In fact I remember that one old timer, Henry the Plumber. He would always bring up the topic, “Change our attitudes.” He pointed out that our attitudes could change what was going on for us. He said that they couldn’t change the facts, the day that is. But they could change our conseptions. I could wake up one day, which was beautiful, and I would feel great. I could wake up the next day, the same beauty, but I would feel depressed and angry. What had changed? My attitude…governed by my negative emotions.
That’s where my sponsor stepped in and told me that, when the negative is there, to stop my day and start it over. I learned to step back and take a deep breath. Step aside and, if possible, find a quiet place, say a prayer, meditate for a moment, turn our attitude from negative to positive, and go on with my day. Does work…if I want to change for the better.

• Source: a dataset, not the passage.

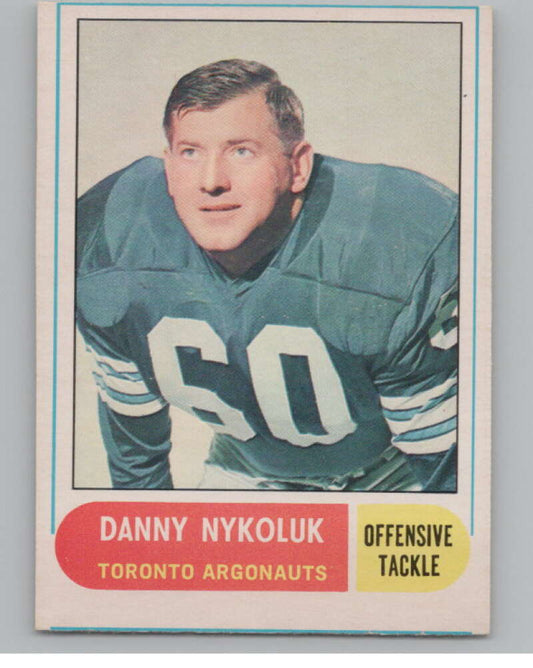 1968 O-Pee-Chee CFL #41 Danny Nykoluk  Toronto Argonauts  101053 Image 1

And, of course, that’s where the Serenity Prayer comes to the front for me. And my Higher Power. And, then, my fellow alcoholics in here. Sober of course. Most things I cannot change. But I can change me. Again I learned that from my sponsor and this program.
Once again the spiritual life is not a theory. I found I have to live it.
Just thinking again of why I am here. I am here to stay sober a day at a time. I have to learn to stay focused. When I do, I am generally at peace and happiness. What I have been given in here is so much I have to be grateful. But I know I can forget. I am human and subject to my faults. However I know I have to remind myself that I have to have the courage to change the things I can. And the wisdom to know the difference. That’s me. But how often and much I need the aid of my Higher Power and others.
Worthwhile to stop and think about these things.